—and had only one.
Cooper shouldered the assault rifle, standing in a bladed stance, the stock braced against his shoulder. The weapon had no scope, but the sights were luminous. He fired three quick bursts.
Two things happened. Sparks flickered off one of the wings where his rounds had hit.
And the slide of his rifle locked back. The magazine was empty.
Beside him, Shannon fired and racked again and again, but Cooper wasn’t surprised to see the drone still rolling, rapidly picking up speed. If his bullets had ricocheted off the skin of the thing, shells would be useless. He thumbed the release and let the magazine fall from his weapon as he reached for his last one. The drone was hauling now, the distance growing rapidly, forty yards, fifty. He considered the fuel tank, but if the wing could take hits, there was no way in hell the fuel tank couldn’t, which left what? The drone wasn’t military, but it was newtech, obviously built to survive small arms under battle conditions.
Battle conditions. Not takeoff.
He primed the rifle and toggled it to full auto, trusting to muscle memory, to basic training. Seventeen years old, allowed to join up with Dad’s consent, a heady, hard time, and he’d done well, this was just another drill, practicing against a moving target, moving fast, he let the sights lead the drone as it gathered speed and he stared down the barrel, unblinking as he aimed at the strut of the rear wheel and fired half the magazine in a go, set up again and loosed the rest.
The retractable strut tore away, the bottom two feet spinning and bouncing ahead of the drone as it rocked back on its hindquarters, the material shearing and tearing, surfing a trail of sparks, and friction took the fuel tank and the liquid hydrogen blew in a dazzling fireball of pale blue flame.
For a moment he just stared at it. Then Cooper threw his head back and roared. Beside him, Shannon was laughing, one hand cupped to her mouth, the shotgun dangling from the other. They had made it, pulled it off, and even as the battle raged behind them, even though the world was far from safe, it would keep turning, there was still time . . .
Is what he was thinking as the second drone left the hangar.
He and Shannon looked at each other. Then she glanced down the runway.
Cooper saw what she was looking at, said, “No.”
“Yes.” She threw him the shotgun. “Get Soren.”
Then she sprinted for the abandoned glider.
CHAPTER 42
Luke Hammond stood in the darkness and watched men burn alive.
He had been a warrior his whole life, and long ago he’d recognized that no good man could have been the places he had been, seen the things he had seen, done the things he had done. It didn’t matter that he had fought for his country, for his children. It didn’t matter that he possessed discipline and restraint. There was a beast, a slavering, rotting, smiling thing that smelled of sex and sweat and shit. Every man sensed it. Most lived and died without spending time in the beast’s company, without tasting that terrible freedom or knowing the beauty that grows in horror. There were no words to convey it, because it came from a place beyond words, before words.

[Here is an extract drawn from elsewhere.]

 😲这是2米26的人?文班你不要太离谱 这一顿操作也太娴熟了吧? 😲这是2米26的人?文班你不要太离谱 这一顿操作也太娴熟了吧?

Good men would never acknowledge that fire is most seductive when it is out of control.
But the people in those windows knew that now. Win or lose, live or die, that knowledge would never desert them. It could be ignored, forced down, loathed, but that wouldn’t change its essential truth. The men screaming as they burned knew it too.
It was not romantic. It was not moral. It simply was.
Luke had expected that as soon as the line was broken, as soon as some of the Sons had made it past the defenses and into the city, the will of the defenders would snap. He’d been wrong. Even as scores of his men broke the lines, as the militia penetrated the city and the sounds of battle rose from every block, the people in the windows fought. They fought with the will of people protecting their homes and their children, and Luke honored that in them.
The Sons continued to charge, firing as they ran, leaping the bodies of their comrades. In the windows, rifles flashed, bottles rained down. The street was bright now, and the beast lurched from flame to flame, slavering and laughing.